▸ **Assignment**
Copy out the listing that follows, exact in every word, and skip the images.

▸ **Information provided**
Start of Block

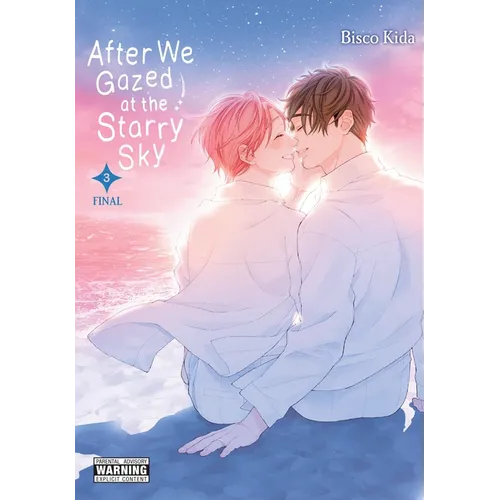 After We Gazed at the Starry Sky, Vol. 3 - Paperback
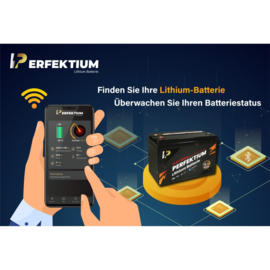 Perfektium PF LiFePo4 12.8V 100Ah Lithium Accu BMS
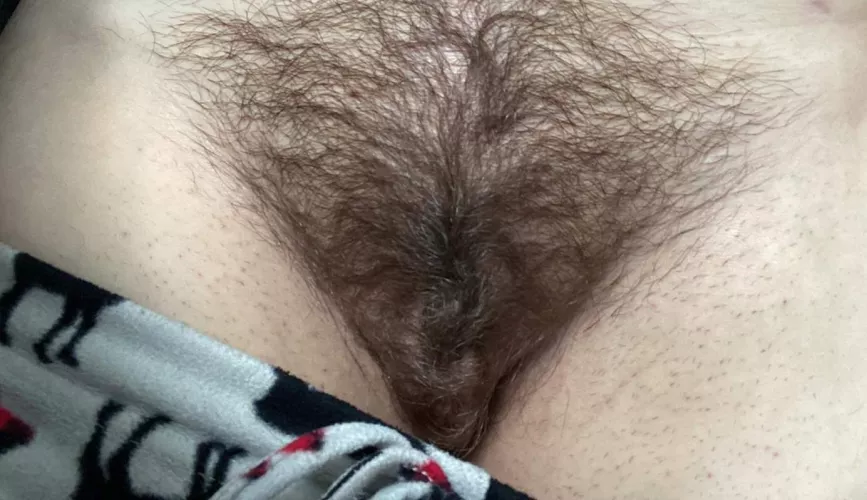 What do you think of my wife's bush? ;)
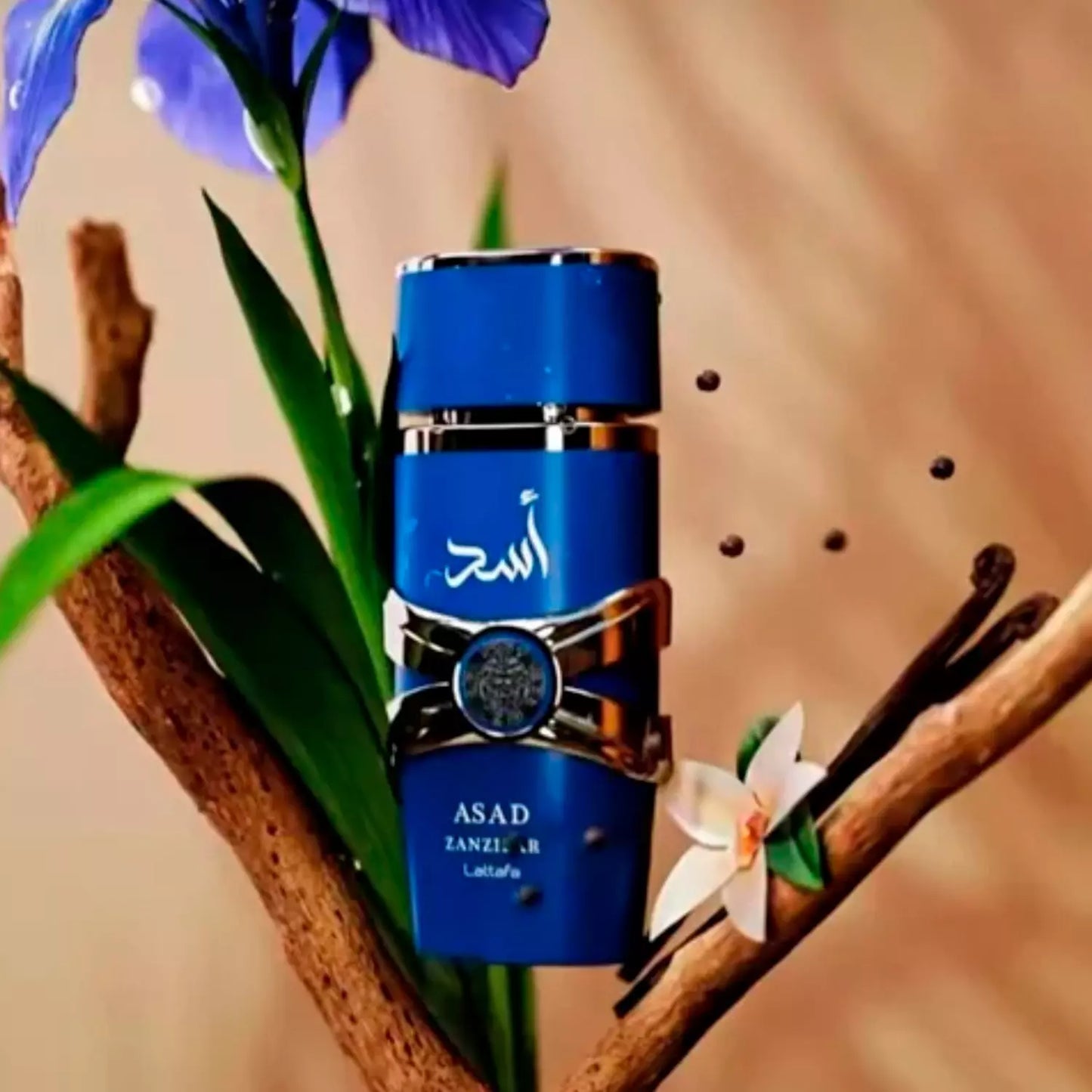 Asad Zanzíbar EDP 100ML Lattafa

End of Block

▸ **Exercise result**
 After We Gazed at the Starry Sky, Vol. 3 - Paperback
 Perfektium PF LiFePo4 12.8V 100Ah Lithium Accu BMS
 What do you think of my wife's bush? ;)
 Asad Zanzíbar EDP 100ML Lattafa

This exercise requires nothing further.